Congratulations Colorado: Voters Say Hell No to Tax Hikes

Yesterday Colorado voters sent a strong message to their elected officials:

If 2008 was an election for change, Tuesday night was an election for no change — with Colorado voters rejecting tax hikes and ballot initiatives and refusing to overhaul school boards. Voters resoundingly shot down the only statewide ballot measure, which would have raised taxes for nearly $3 billion in school funding. And Denver voters said “no” to a plan to mandate sick leave for all workers — an initiative that many businesses, Gov. John Hickenlooper and Denver Mayor Michael Hancock opposed. … Tuesday was a killing field for tax measures. Aurora voters rejected a $114 million tax increase for recreation centers, Douglas County voters said “no” to school tax increases, Cañon City voters rejected a tax for library improvements and Boulder voters appeared to be approving the creation of a municipal electricity utility but wouldn’t pass a tax hike to fund it. … With most ballots counted, the statewide Proposition 103 was losing with 64 percent of voters rejecting the measure to increase the state income tax as well as the sales-tax rate for K-12 education.

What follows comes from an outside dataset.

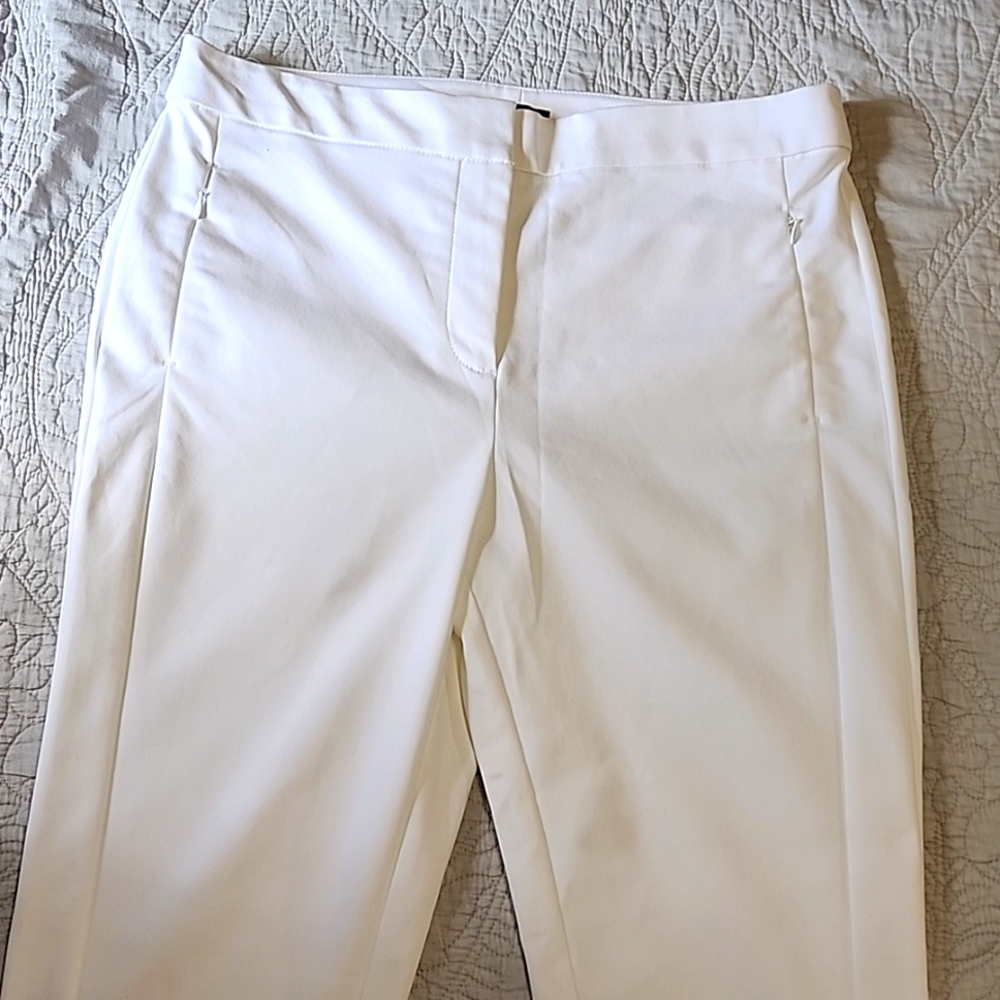 Loft white cigarette pants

To begin with, it is false to claim that Colorado suffers from some kind of funding shortage for government. Not only has state spending grown relentlessly over the past ten years, including the current recession, but the state and local governments have also added employees throughout the tough economic times. There are more state and local government employees in Colorado today than there were in 2008. At the same time, in September 2011 Colorado had 113,500 fewer private jobs than in September 2008. Obviously, government needs to shrink when there are fewer private jobs to pay for government.

As this blog explained recently, Proposition 103 would have done nothing but harm to the Colorado economy. The state has a private jobs shortage of 386,000 just to maintain the current size of government with no tax increases.  Taking $3 billion out of people’s pockets, which would have been the result of the proposition, would have created an even bigger private jobs shortage. Colorado voters did the right thing for themselves and their state.